4.3 Plaid bank sync (rule 3, plus encryption-at-rest commitment)
User clicks "Connect bank" on /accounts
│ POST /api/plaid/link-token → returns Plaid link_token
▼
react-plaid-link iframe (Plaid-hosted, isolated origin)
│ user enters bank credentials INSIDE Plaid's UI — Loocero
│ never sees the username or password
▼
Plaid issues public_token to the browser
│ POST /api/plaid/exchange { public_token }
▼
Server: itemPublicTokenExchange(public_token) → access_token
│ pgp_sym_encrypt(access_token, env.PLAID_TOKEN_ENC_KEY)
│ insert into institutions (plaid_access_token_enc bytea)
▼
Done. access_token never returns to browser, never logs.
Subsequent sync: /api/plaid/sync decrypts the access token in-memory, calls transactionsSync, maps results through the existing M11 import pipeline (one imports row per sync run, source = 'plaid'), writes typed transactions rows. The decrypted token is GC'd at the end of the request.

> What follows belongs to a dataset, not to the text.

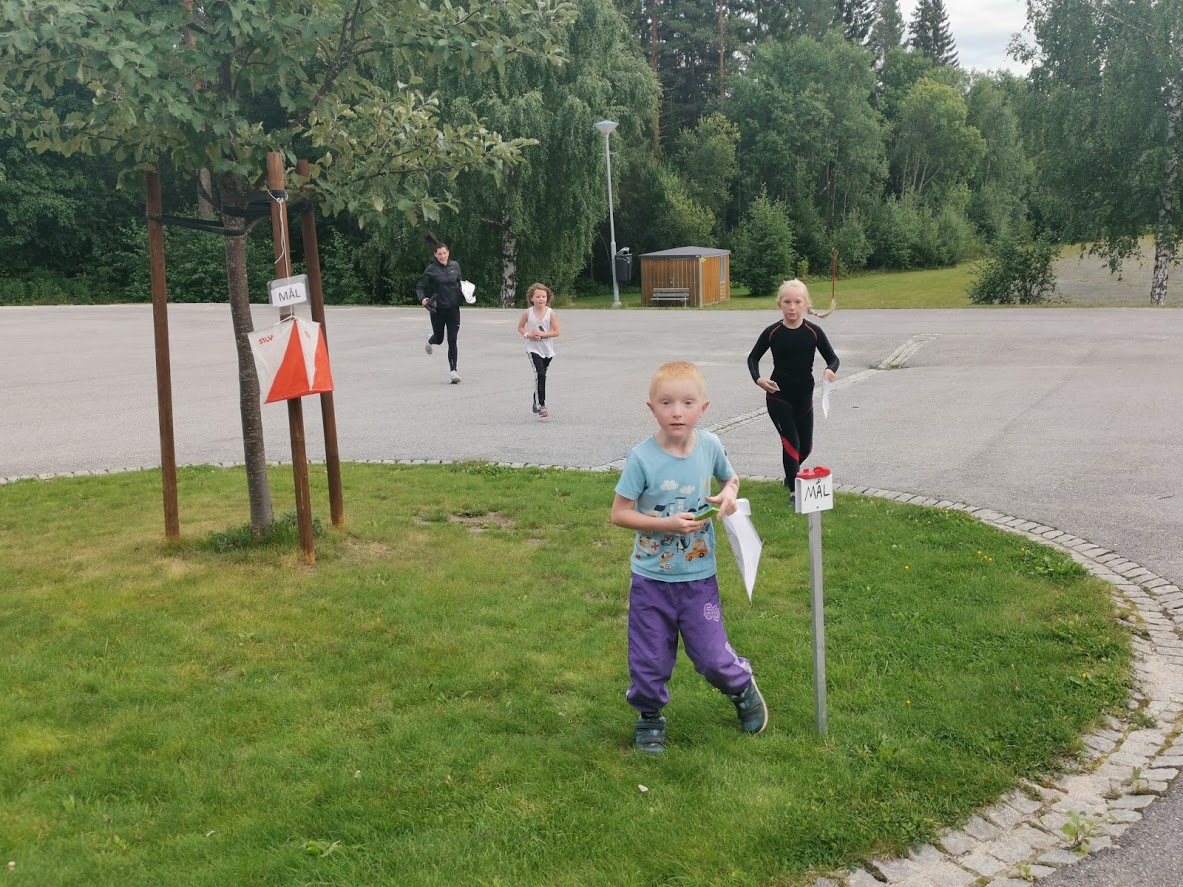 Resultater, Klubbmesterskap Orientering 26. aug. 2020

The PLAID_TOKEN_ENC_KEY is a Vercel-side env secret. Rotation procedure documented in docs/production-hardening.md §9 (added in M12.B.1).
5. Encryption commitments
| Layer | What | How |
|---|---|---|
| In transit | All client ↔ server traffic | TLS 1.3 (Vercel + Supabase enforced) |
| At rest, disk-level | All Postgres data, all Supabase Storage (we use none) | AWS-managed, AES-256, Supabase platform default |
| At rest, column-level | Plaid access_token + future BYOK openai_api_key |
pgcrypto symmetric (pgp_sym_encrypt/decrypt) with env-held key |
| Backups | Daily logical backup (Free tier = 7d) | Encrypted at rest by Supabase platform |
Not in scope: end-to-end encryption (would require client-side key management; defers AI features).
6. User rights
| Right | Mechanism |
|---|---|
| Export financial data | /settings → Download CSV (planned, M14 or earlier) |
| Export chat | In-chat Export button — Markdown by default, JSON via secondary link. Client-side only, no network round-trip |
| Delete account | /settings → Delete account → cascades through users FK to wipe all tenant data atomically |
| Access disclosure (GDPR Art. 15) | Same export mechanism above; tenant has full read access via RLS |
| Rectification | Inline edit on any record (transactions, budgets, etc.) |
| Restrict processing | Disconnect Plaid institutions; revoke OpenAI API key (when BYOK ships in M16) |
All rights above apply to every Loocero customer regardless of tier or pricing plan.
7. Change control
This document and its companions (DATA_RETENTION.md, DATA_MAP.md) are part of the privacy contract. Changes require:
- PR with rationale in the description, linking the user-visible feature that motivates the change.
- Update to
production-hardening.md§8 if the enforcement surface changes. - Memory entry update in
project_loocero_privacy.md. - If a rule is materially weakened: explicit changelog entry in
CHANGELOG.md(file added in M14 or earlier).
Adding stricter rules is a regular PR. Loosening any of the seven rules is a project-instructions-level decision and lives outside this doc.